Beginning with the line of the entries below that holds "Tensione in-Pantalone wide" and ending with the line that holds "9.1 in. x 15.1", transcribe each line exactly as written. Pictures stay out.

Start of Records for the exercise

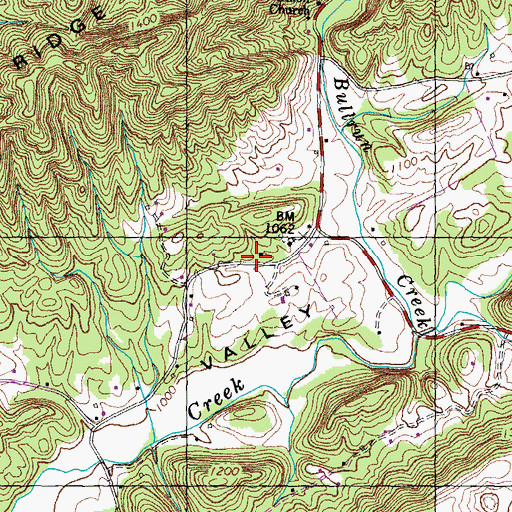 Topographic Map of Pleasant Grove School, TN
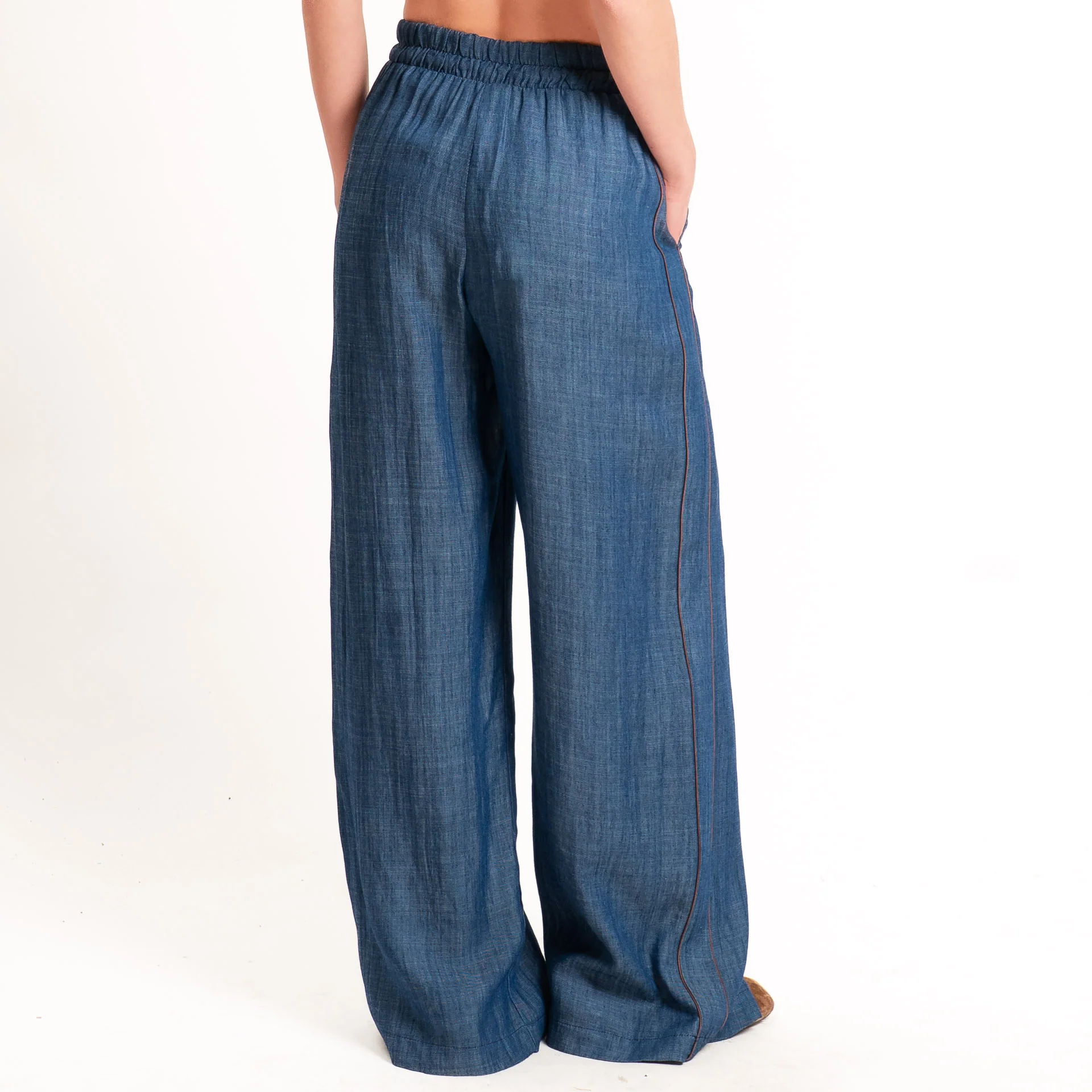 Tensione in-Pantalone wide leg chambray tencel/lino - denim - Image 6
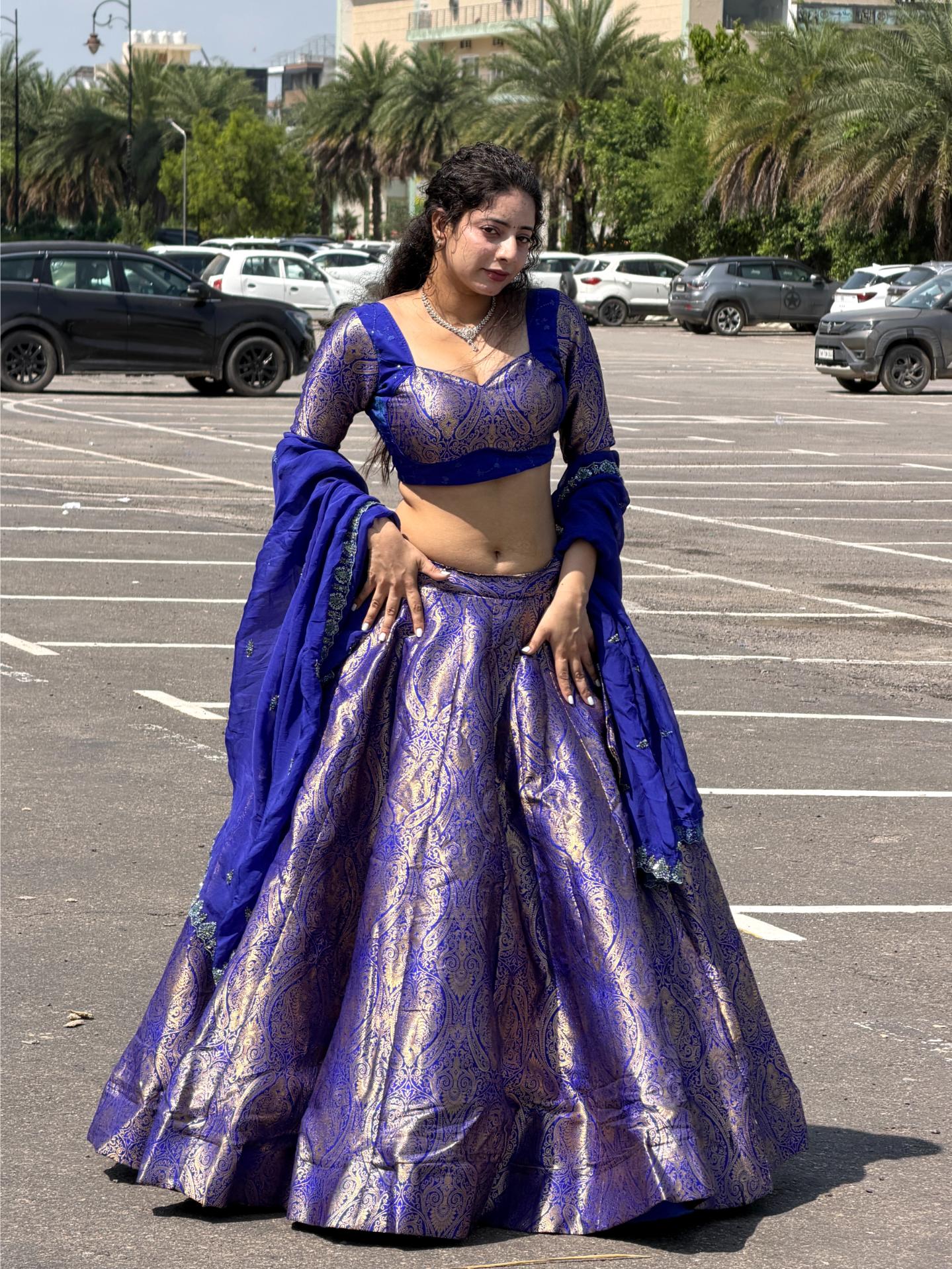 Premium Kanjivaram Lehenga with Hand Work Dupatta | Designer Wedding Wear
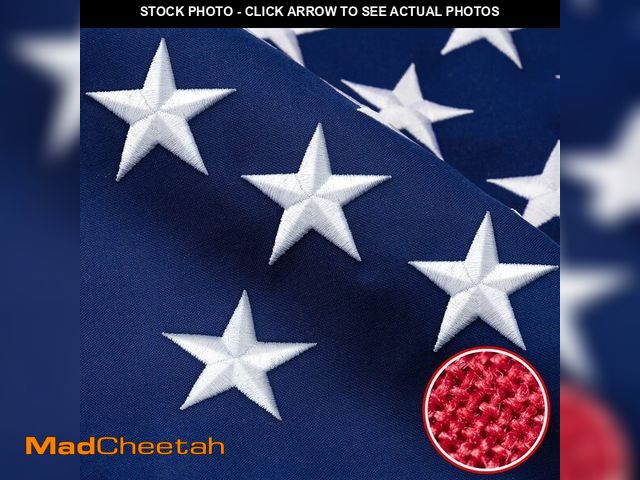 Lot 74-13621813 - American Flag 5x8 FT TearProof Series, Heavy Duty Tough Spun Polyester USA Flags High Wind for Outsi...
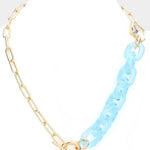 Square Stone Open Oval Resin Link Toggle Necklace - Blue - The Pink Pineapple 850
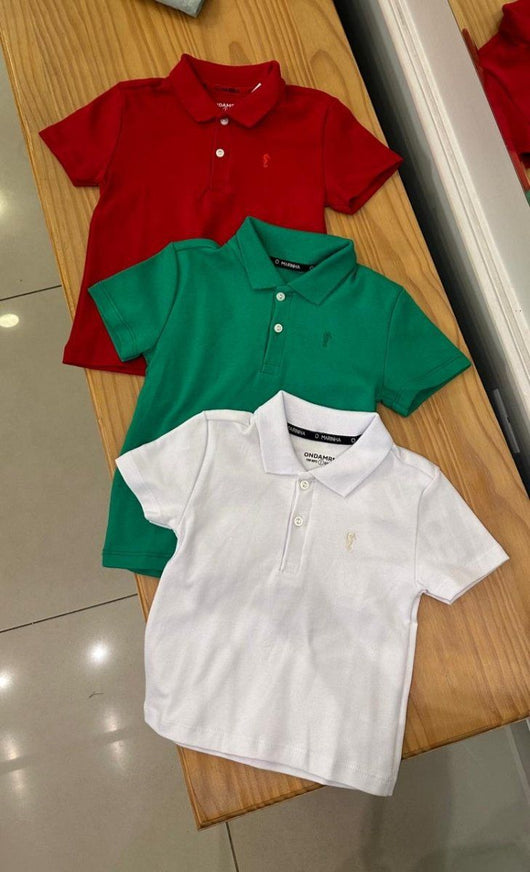 CAMISA MANGA CURTA POLO EM SUEDINE COM BORDADO E BOTÕES MENINO ONDA MARINHA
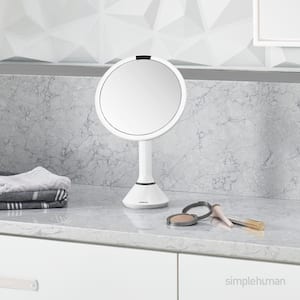 9.1 in. x 15.1 in. Lighted Magnifying Tabletop Makeup Mirror in White Stainless Steel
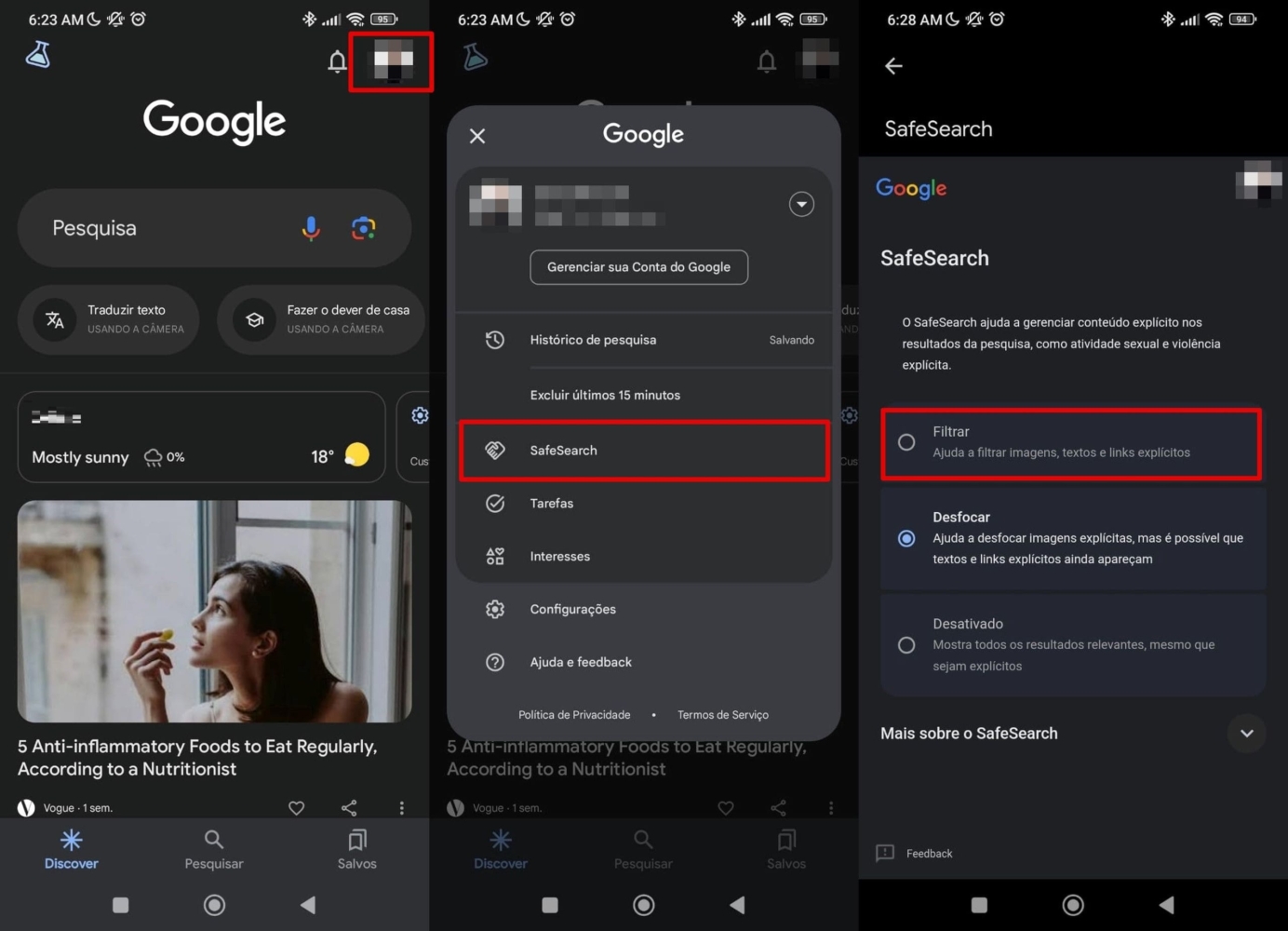 Uma imagem de ativação do SafeSearch no aplicativo Google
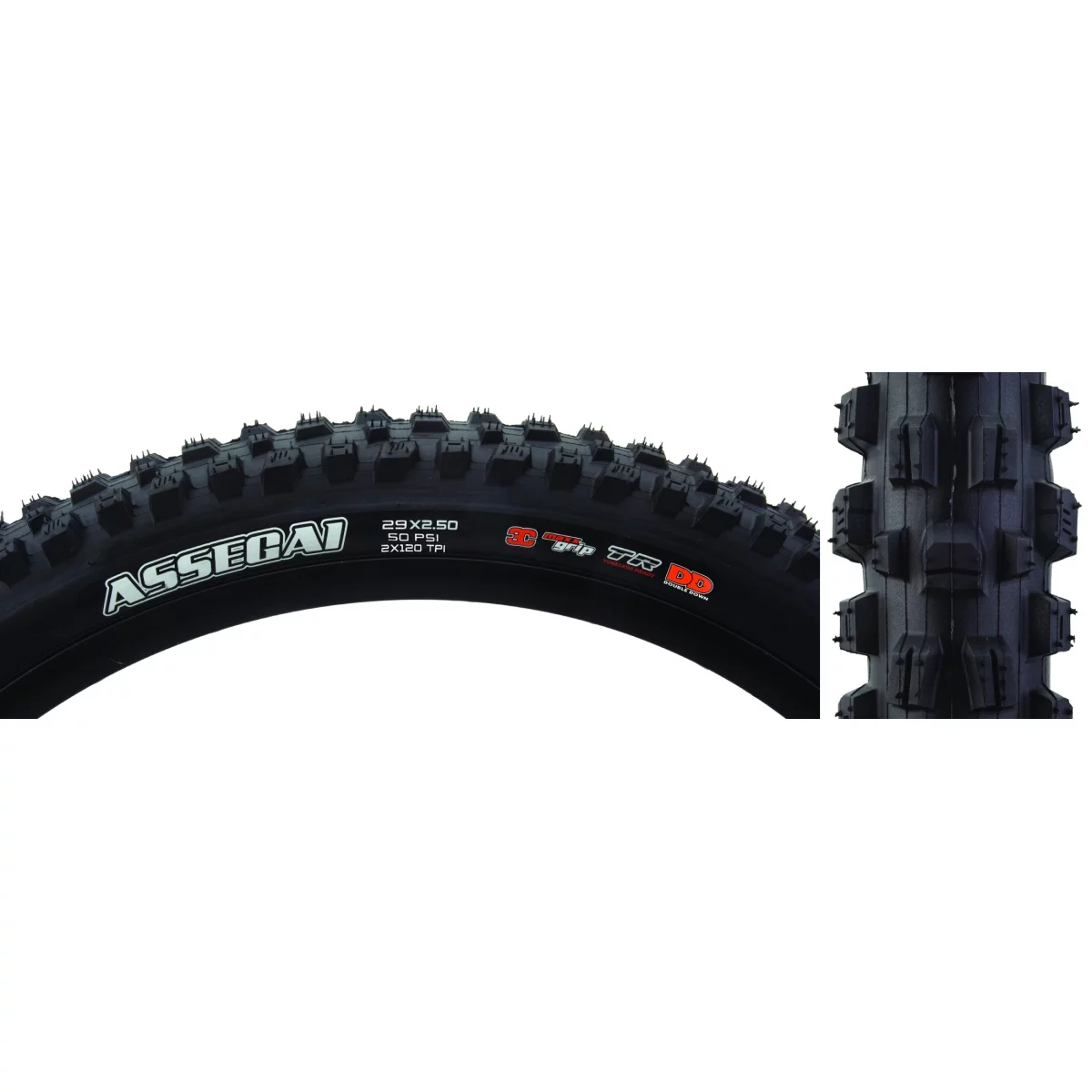 Maxxis Assegai Tire: 29 x 2.50 Folding 2-Ply 120tpi DH 3C MaxxGrip Compound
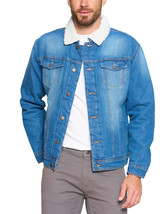 Men’s Sherpa Lined Cotton Denim Jean Button Up Trucker Jacket (Dark Blue, Small) image 1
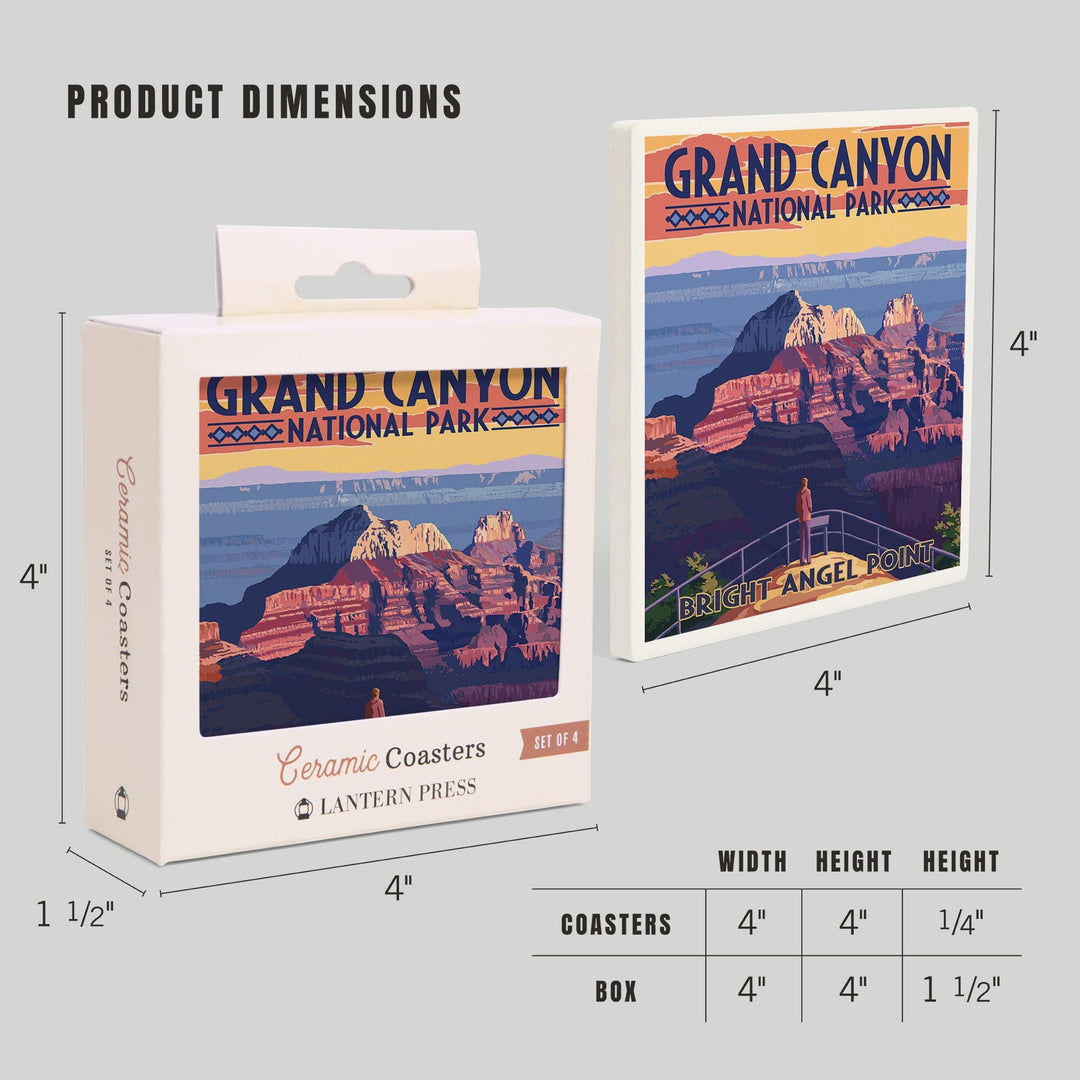 Grand Canyon National Park, Arizona, Bright Angel Point, Coasters Coasters Lantern Press 
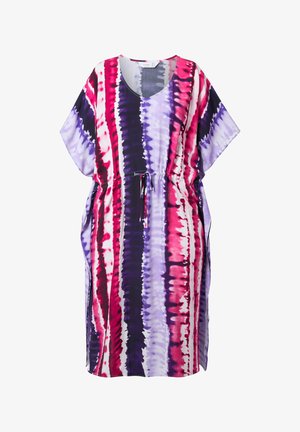 Paarse en roze tie-dye jurk met korte mouwen, diepe V-hals en verstelbare trekkoord taille. Lichtgewicht stof met een losse pasvorm.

End of Records for the exercise

## Response to this task
 Tensione in-Pantalone wide leg chambray tencel/lino - denim - Image 6
 Premium Kanjivaram Lehenga with Hand Work Dupatta | Designer Wedding Wear
 Lot 74-13621813 - American Flag 5x8 FT TearProof Series, Heavy Duty Tough Spun Polyester USA Flags High Wind for Outsi...
 Square Stone Open Oval Resin Link Toggle Necklace - Blue - The Pink Pineapple 850
 CAMISA MANGA CURTA POLO EM SUEDINE COM BORDADO E BOTÕES MENINO ONDA MARINHA
 9.1 in. x 15.1 in. Lighted Magnifying Tabletop Makeup Mirror in White Stainless Steel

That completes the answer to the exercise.